## What you have to do
Return each line of the records below in which the string "beauty" turns up.

· · ·

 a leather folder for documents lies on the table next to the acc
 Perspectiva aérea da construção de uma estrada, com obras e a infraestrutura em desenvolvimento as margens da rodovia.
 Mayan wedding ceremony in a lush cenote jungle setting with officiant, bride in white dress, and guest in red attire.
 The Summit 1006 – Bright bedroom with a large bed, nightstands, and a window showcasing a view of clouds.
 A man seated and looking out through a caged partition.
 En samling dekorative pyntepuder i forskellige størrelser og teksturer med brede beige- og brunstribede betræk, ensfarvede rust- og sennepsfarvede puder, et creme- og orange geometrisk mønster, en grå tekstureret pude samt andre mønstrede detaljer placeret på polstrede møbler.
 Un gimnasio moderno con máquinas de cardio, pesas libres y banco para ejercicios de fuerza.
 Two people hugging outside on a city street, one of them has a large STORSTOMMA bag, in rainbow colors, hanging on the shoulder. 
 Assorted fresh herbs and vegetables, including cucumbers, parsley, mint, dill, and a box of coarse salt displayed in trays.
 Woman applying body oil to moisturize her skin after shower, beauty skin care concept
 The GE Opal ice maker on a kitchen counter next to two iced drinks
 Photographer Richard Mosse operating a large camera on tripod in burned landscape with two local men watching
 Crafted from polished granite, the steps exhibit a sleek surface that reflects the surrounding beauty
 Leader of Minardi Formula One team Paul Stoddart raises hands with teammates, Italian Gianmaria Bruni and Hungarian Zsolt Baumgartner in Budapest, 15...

· · ·

## Exercise answer
 Woman applying body oil to moisturize her skin after shower, beauty skin care concept
 Crafted from polished granite, the steps exhibit a sleek surface that reflects the surrounding beauty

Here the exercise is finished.